Reproduction of part of the material below, pictures omitted: copy exactly, and only, the lines starting with the one with "More Photos Of" and going on through the one with "niños pequeños Cinnamon".

*RECORD SET*
##############################
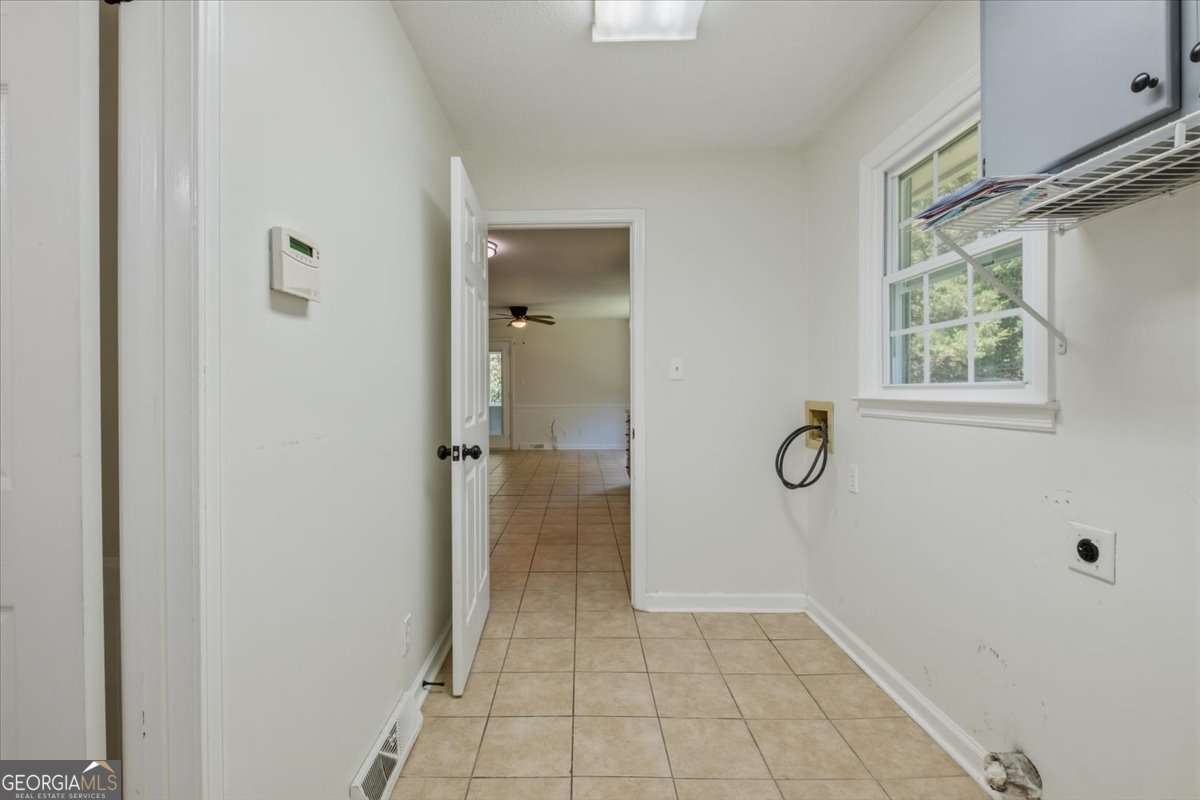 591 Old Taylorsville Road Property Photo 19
##############################
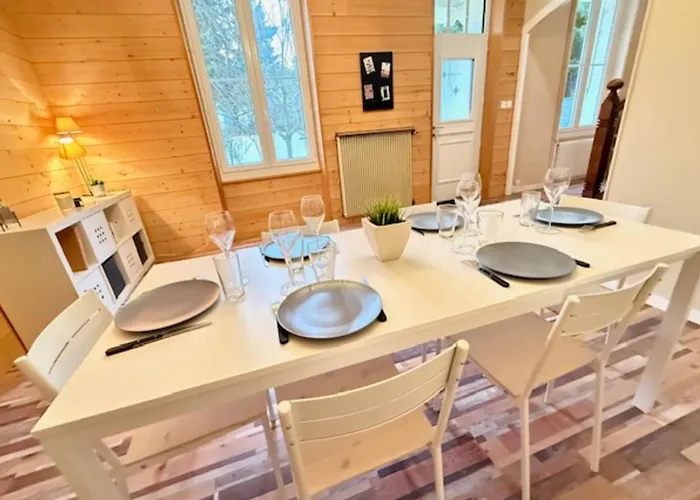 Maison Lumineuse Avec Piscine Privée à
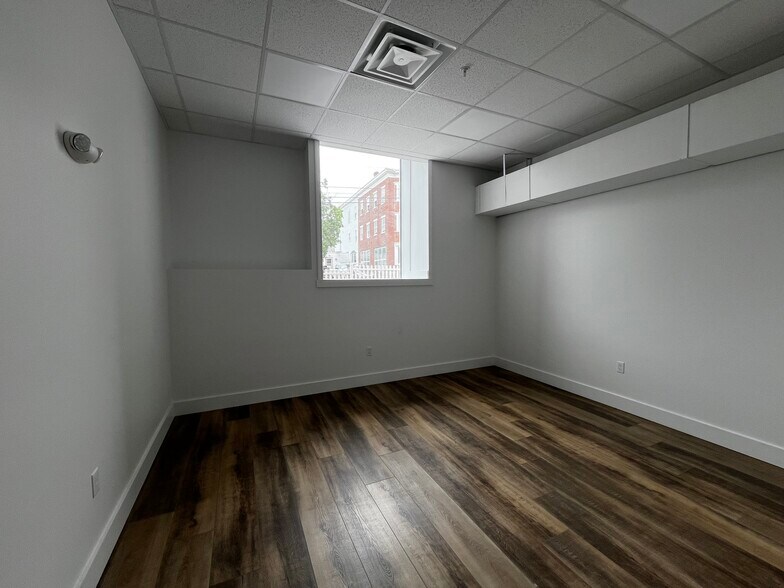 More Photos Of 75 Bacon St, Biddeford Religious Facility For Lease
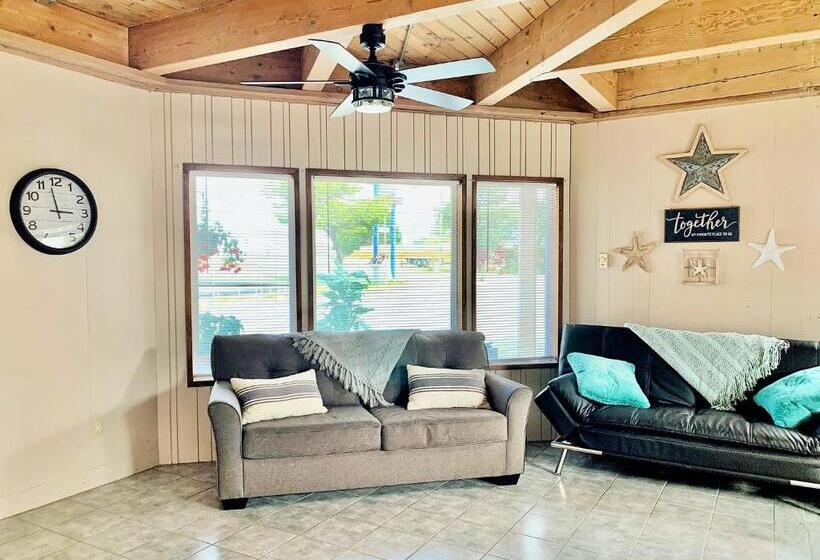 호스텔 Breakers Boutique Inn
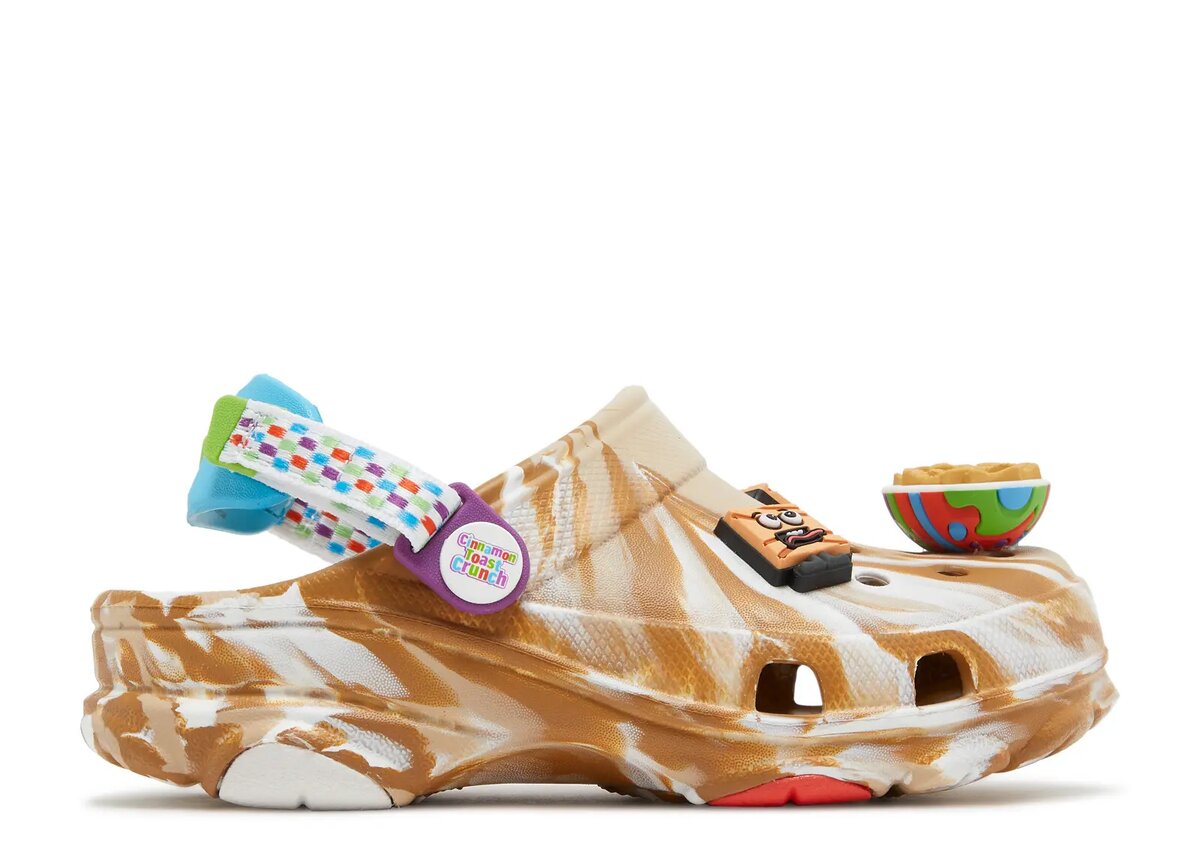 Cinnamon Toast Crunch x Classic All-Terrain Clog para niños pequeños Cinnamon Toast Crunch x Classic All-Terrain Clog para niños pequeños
##############################
*WRITTEN ANSWER*
 More Photos Of 75 Bacon St, Biddeford Religious Facility For Lease
 호스텔 Breakers Boutique Inn
 Cinnamon Toast Crunch x Classic All-Terrain Clog para niños pequeños Cinnamon Toast Crunch x Classic All-Terrain Clog para niños pequeños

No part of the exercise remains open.